PROBLEM DETAILS »
Pictures aside, quote the whole listing exactly.

DATA SHOWN »
────────────────────

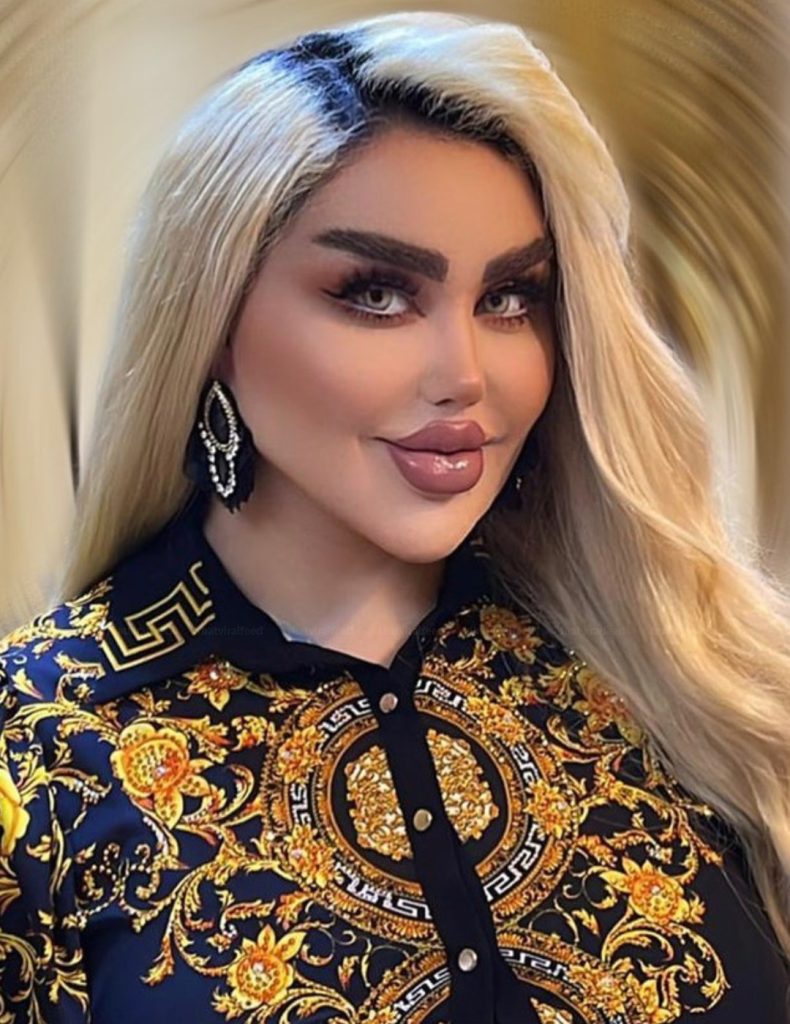 Baghdad Woman Undergoes 43 Procedures To Resemble Barbie, Faces Harsh Criticism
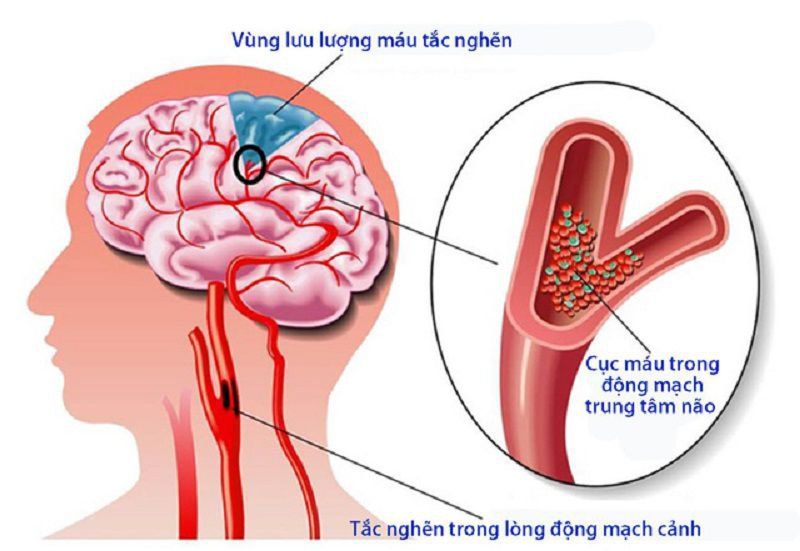 Bệnh Nhũn Não Có Chữa Được Không? Khám Phá Giải Pháp Và Tiên Lượng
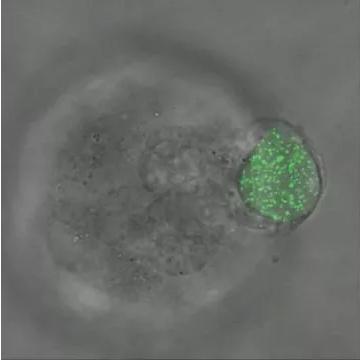 華中科大研發(fā)出測(cè)量三維生物力的新技術(shù),有望用于癌癥早期診斷 華中科大研發(fā)出測(cè)量三維生物力的新技術(shù),有望用于癌癥早期診斷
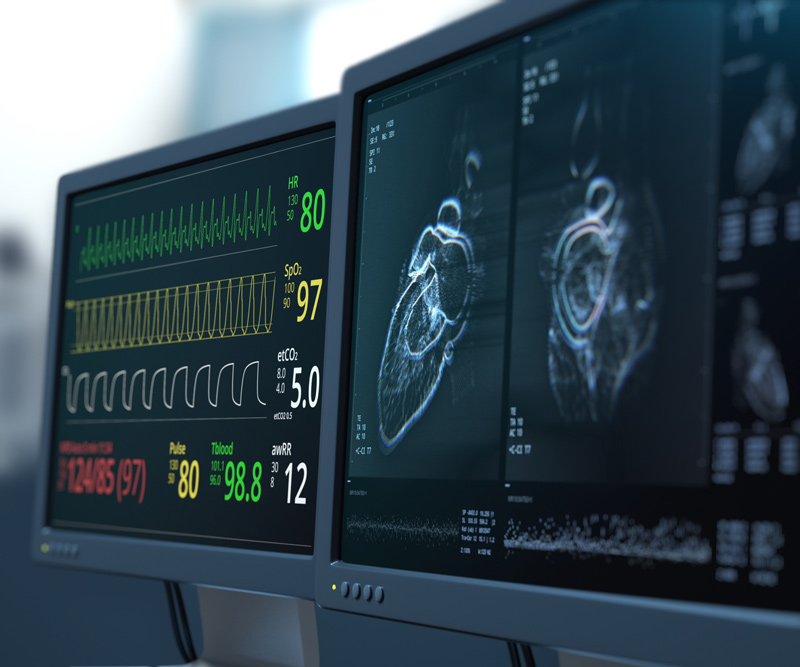 medical monitors display a patient's vital signs and a scan of a heart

────────────────────

RESPONSE TO THE EXERCISE »
 Baghdad Woman Undergoes 43 Procedures To Resemble Barbie, Faces Harsh Criticism
 Bệnh Nhũn Não Có Chữa Được Không? Khám Phá Giải Pháp Và Tiên Lượng
 華中科大研發(fā)出測(cè)量三維生物力的新技術(shù),有望用于癌癥早期診斷 華中科大研發(fā)出測(cè)量三維生物力的新技術(shù),有望用于癌癥早期診斷
 medical monitors display a patient's vital signs and a scan of a heart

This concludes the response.